Mayor responds to 13 Undercover's art critique

HOUSTON Now the mayor says the city's art program will get a new coat of paint.

This investigation continues to be controversial. One viewer wondered today if any idiot who comes along should get our art money. The arts website Glasstire.com called our story about them incendiary, homophobic, prudish and prejudiced. I think they liked it.

But we're not stopping because the color of your money is green.

Take a walk across the 92-year-old Preston Avenue Bridge. See the green button? It's art. So push it. There's suddenly a burst of water in the nearby bayou. No, it's not a fish, it's art. It's called The Big Bubble.

Move down the way and you see a sign that reads authorized personnel only. Keep out. Kind of hard to imagine tourists flocking through the iron fence at the Sabine Street Water Pumping Station.

"I would not endorse placing public artworks in facilities not open to the public," said Jonathan Glus of the Houston Arts Alliance.

The Houston Arts Alliance advertised last year to spend $100,000 on art here even though they knew the place was off limits to the public.

Now the city has decided to build a 55 foot sculpture with a shower head to provide a cooling mist for nearby skaters. The sculpture will likely be seen, but not touched.

No one planned to move the $69,000 art work we found at the poop plant until our story. And the city is back to square one on the plan to bring art to the windows of the new downtown fire station.

"We want something that will depict courage, commitment and compassion of these Houston firefighters," said Chief Phil Boriskie of the Houston Fire Department.

And a flaming bird that's been called the flaming chicken just didn't cut it.

We asked Houston Mayor Bill White what it looked like to him.

"It looked like someone lit up a bird," he replied.

A bird project that's now wasted $25,000 of your dollars.

"I'm glad that we are trying to incorporate art in public buildings," Mayor White said. "Does it always work? Probably not."
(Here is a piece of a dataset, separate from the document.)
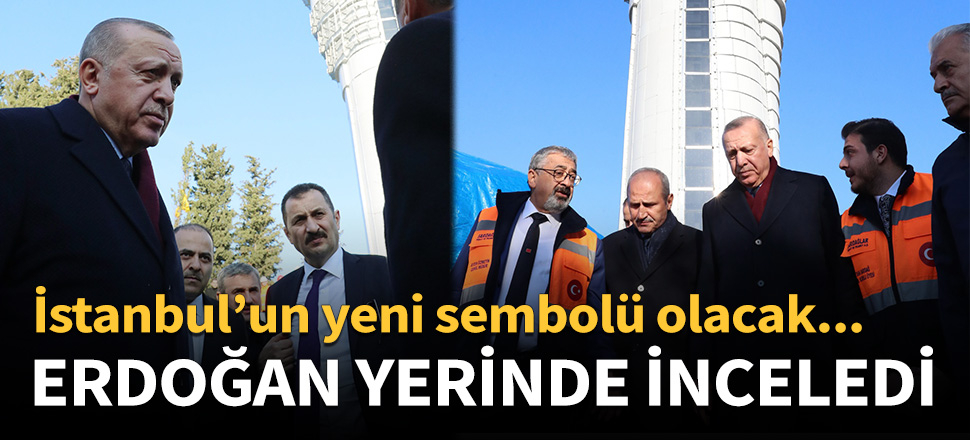 Cumhurbaşkanı Erdoğan yerinde inceledi!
"Three months ago when I started asking for the numbers, they couldn't supply me with the numbers," said City of Houston Controller Annise Parker.

We did.

Eight million dollars was put aside, only two civic art projects were finished in years. Those included colored boxes in a park and a painting in a library. But the Houston Arts Alliance promises this year we'll see an art explosion.

"In this fiscal year we anticipate six pieces coming on line," Glus said.

That includes the art at the airport rent car facility that was chosen eight years ago.

"I think the series did bring home to me the need for more accountability and compliance with the grants we do," said Mayor White.

Suspicious numbers on grant reports may be the first place to look. Like the group that claimed they had an audience of 71,203 kids and the exact same number of senior citizens. What a coincidence. There's evidence the city has paid for art tourists haven't seen.

"If someone says they need a certain amount of money to do something they ought to do it," Mayor White told us.

Like the poetry grant. The Houston art that hasn't been read in a public event a year and a half after we bought it. We've read it and here's the first line, 'What is it about a hole?' You can read the rest here.

The poems were supposed to be compiled in a book and published. HAA knew that hadn't happened, but check this out. An HAA grant official tells the poet to claim the full amount anyway.

Are they helping artists get around the rules?

"The Arts Alliance, it's a hard lesson to learn, but they've learned it," Mayor White said.

Art is in the eye of the beholder, even if you don't see the wisdom of investing tax money in lesbian puppet tourism.

"I'm sort of proud for the fact there are grants going out to innovative, alternative arts organizations," Mayor White said. "When I was a kid people thought the Beatles White Album was radical. Now you hear it play in elevators."

So maybe someday cavemen trying to frighten traffic on Allen Parkway or a girl making nice with a Dr. Pepper bottle will sort of be like a Picasso.

Just so you will know. One viewer argued the Dr. Pepper video is art, because it's really mocking the use of sex to market beverages. But back to art that brings in tourists. The city of Houston does have lots of civic art, just most of it was built before we spent millions on art bureaucracy. You can find out where it is here. And if you are coming to town this Thanksgiving weekend, go see our art.